Stored entries:
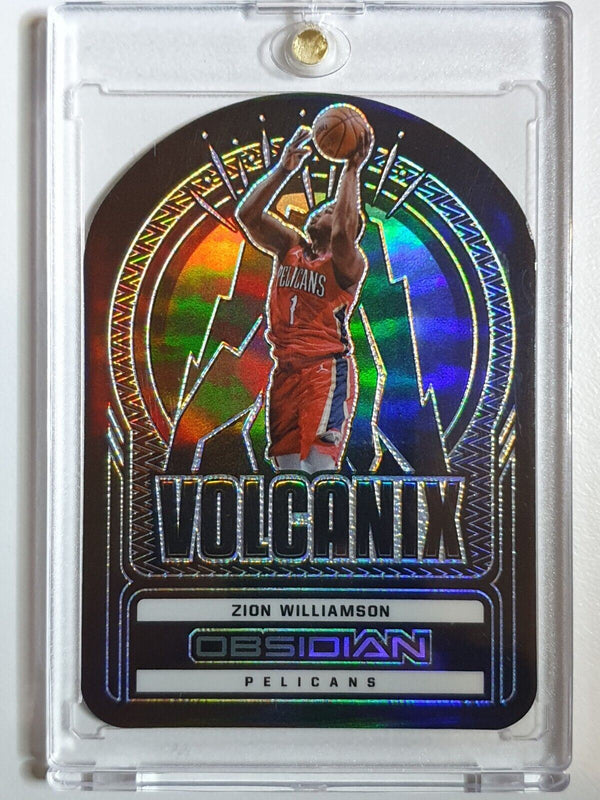 2021 Obsidian Zion Williamson #29 VOLCANIX CASE HIT Die Cut - Ready to Grade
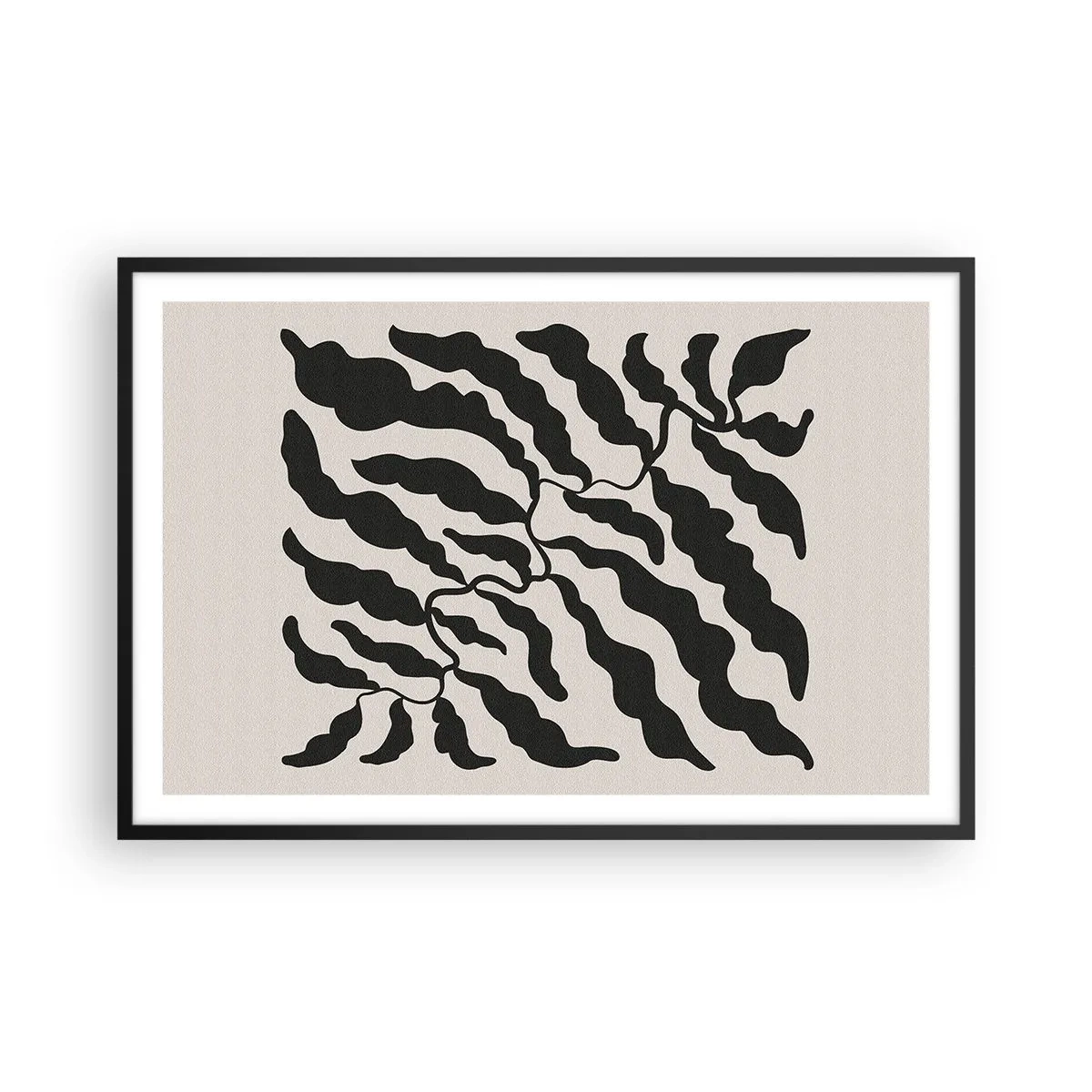 Póster en marco negro - La naturaleza de un cuadrado - 91x61 cm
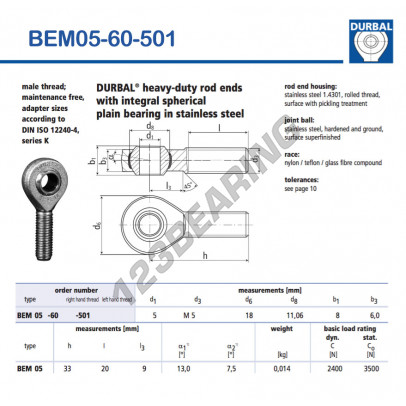 BEM05-60-501-DURBAL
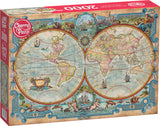 Great Discoveries World Map | CherryPazzi | 2000 Pieces | Jigsaw Puzzle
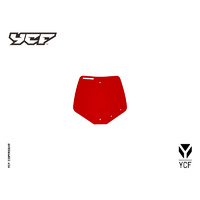 YCF FRONT  PLATE 50CC (2012-2019) - RED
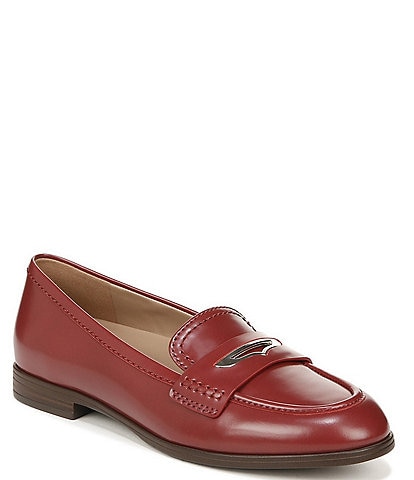 Naturalizer 27 EDIT Georgiana Leather Slip-On Penny Loafers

** What the task asks **
Once the pictures are set aside, what is needed is the lines from the line with "Great Discoveries World" through the end of the data, written out exactly and alone.

** Expected answer **
 Great Discoveries World Map | CherryPazzi | 2000 Pieces | Jigsaw Puzzle
 YCF FRONT  PLATE 50CC (2012-2019) - RED
 Naturalizer 27 EDIT Georgiana Leather Slip-On Penny Loafers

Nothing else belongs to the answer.